Namun jika masuk ke dalam, baru terlihat perbedaannya. Meski eksterior terlihat hampir sama persis, namun interior setiap rumah berbeda sesuai selera si pemilik.
Ini karena masyarakat Jepang memiliki tradisi untuk mengeluarkan ekspresinya ke dalam dan bukan untuk dipamerkan ke luar.
Namun satu hal yang menjadi favorit hingga kini adalah taman tradisional Jepang yang ikonik. Berbeda dengan taman di Eropa yang meliputi daerah luas dan datar serta memiliki bentuk geometris, taman di Jepang umumnya berukuran kecil dan berbentuk tiga dimensi.
Ide membuat taman unik ini berasal dari periode Asuka (538-710). Para pedagang dari Jepang melihat contoh taman di China dan terpesona.
Mereka kemudian membawa para teknik berkebun dan membuat taman dari China ke kampung halamannya.
Hingga kini, gaya taman ala Jepang menjadi salah satu yang paling populer di dunia. Taman Jepang berbeda dengan taman kebanyakan yang penuh dengan bunga. Sebaliknya, taman-taman tersebut ditumbuhi dengan tanaman budi daya.

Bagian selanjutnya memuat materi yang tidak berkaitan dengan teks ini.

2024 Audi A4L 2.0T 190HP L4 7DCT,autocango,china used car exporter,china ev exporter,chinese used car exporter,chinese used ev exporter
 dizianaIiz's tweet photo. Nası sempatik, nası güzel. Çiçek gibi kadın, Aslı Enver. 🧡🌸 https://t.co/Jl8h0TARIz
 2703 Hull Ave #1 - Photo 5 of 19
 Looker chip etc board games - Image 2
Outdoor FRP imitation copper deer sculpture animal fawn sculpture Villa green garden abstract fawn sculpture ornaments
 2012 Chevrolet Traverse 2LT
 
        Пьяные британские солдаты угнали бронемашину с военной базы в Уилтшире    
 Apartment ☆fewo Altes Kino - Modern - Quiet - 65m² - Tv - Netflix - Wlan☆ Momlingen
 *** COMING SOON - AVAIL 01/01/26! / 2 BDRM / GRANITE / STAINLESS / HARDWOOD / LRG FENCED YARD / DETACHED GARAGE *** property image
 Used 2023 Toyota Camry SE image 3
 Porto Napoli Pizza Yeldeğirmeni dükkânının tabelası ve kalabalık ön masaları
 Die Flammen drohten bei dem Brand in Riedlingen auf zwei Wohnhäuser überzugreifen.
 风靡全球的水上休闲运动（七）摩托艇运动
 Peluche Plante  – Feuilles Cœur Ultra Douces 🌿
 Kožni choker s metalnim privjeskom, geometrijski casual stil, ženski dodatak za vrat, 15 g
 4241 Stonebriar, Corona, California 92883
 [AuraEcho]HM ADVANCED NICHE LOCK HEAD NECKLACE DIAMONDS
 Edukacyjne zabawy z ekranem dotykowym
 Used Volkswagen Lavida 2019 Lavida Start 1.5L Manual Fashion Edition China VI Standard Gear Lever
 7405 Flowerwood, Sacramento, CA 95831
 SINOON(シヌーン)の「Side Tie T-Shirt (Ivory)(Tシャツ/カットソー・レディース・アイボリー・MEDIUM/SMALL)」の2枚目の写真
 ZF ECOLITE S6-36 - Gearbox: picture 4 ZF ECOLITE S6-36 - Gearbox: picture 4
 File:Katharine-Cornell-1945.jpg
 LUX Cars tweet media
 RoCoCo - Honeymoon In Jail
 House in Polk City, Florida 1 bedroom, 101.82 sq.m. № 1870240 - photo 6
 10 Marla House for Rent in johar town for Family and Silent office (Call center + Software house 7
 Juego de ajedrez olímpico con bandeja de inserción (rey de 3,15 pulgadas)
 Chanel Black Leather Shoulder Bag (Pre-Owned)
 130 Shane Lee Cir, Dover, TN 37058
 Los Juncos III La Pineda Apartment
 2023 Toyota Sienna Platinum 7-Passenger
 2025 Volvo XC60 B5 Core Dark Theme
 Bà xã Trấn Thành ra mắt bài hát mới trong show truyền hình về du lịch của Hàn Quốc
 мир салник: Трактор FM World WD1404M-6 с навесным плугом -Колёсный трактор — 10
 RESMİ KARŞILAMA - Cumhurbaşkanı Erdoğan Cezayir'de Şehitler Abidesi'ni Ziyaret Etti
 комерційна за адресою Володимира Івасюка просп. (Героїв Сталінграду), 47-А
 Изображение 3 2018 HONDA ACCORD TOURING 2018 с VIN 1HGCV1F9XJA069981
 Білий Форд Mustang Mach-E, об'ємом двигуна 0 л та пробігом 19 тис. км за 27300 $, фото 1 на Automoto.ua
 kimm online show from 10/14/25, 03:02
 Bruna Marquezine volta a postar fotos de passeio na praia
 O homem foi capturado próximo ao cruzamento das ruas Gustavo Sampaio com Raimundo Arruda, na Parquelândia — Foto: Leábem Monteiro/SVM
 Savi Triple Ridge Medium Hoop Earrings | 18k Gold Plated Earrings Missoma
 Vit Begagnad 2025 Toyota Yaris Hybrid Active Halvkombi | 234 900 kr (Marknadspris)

Gaya taman ini juga dipengaruhi dari agama Shinto mengenai penciptaan pulau sempurna dan cerita tentang shinchi atau sungai para dewa.
Elemen yang harus ada dalam taman Jepang
Namun di dalam taman mungil inilah, masyarakat Jepang mencoba memasukkan seluruh unsur alam, seperti gunung, air terjun, hutan, sawah, hingga sungai.
Untuk gunung, orang Jepang menggunakan batu sebagai simbol.
Sementara air diwakili oleh kolam kecil atau saluran yang masuk ke dalam taman lewat bilah-bilah bambu.
Air terjun merupakan satu elemen penting jika ingin membuat taman bergaya Jepang dan tidak boleh dibuat secara sembarangan.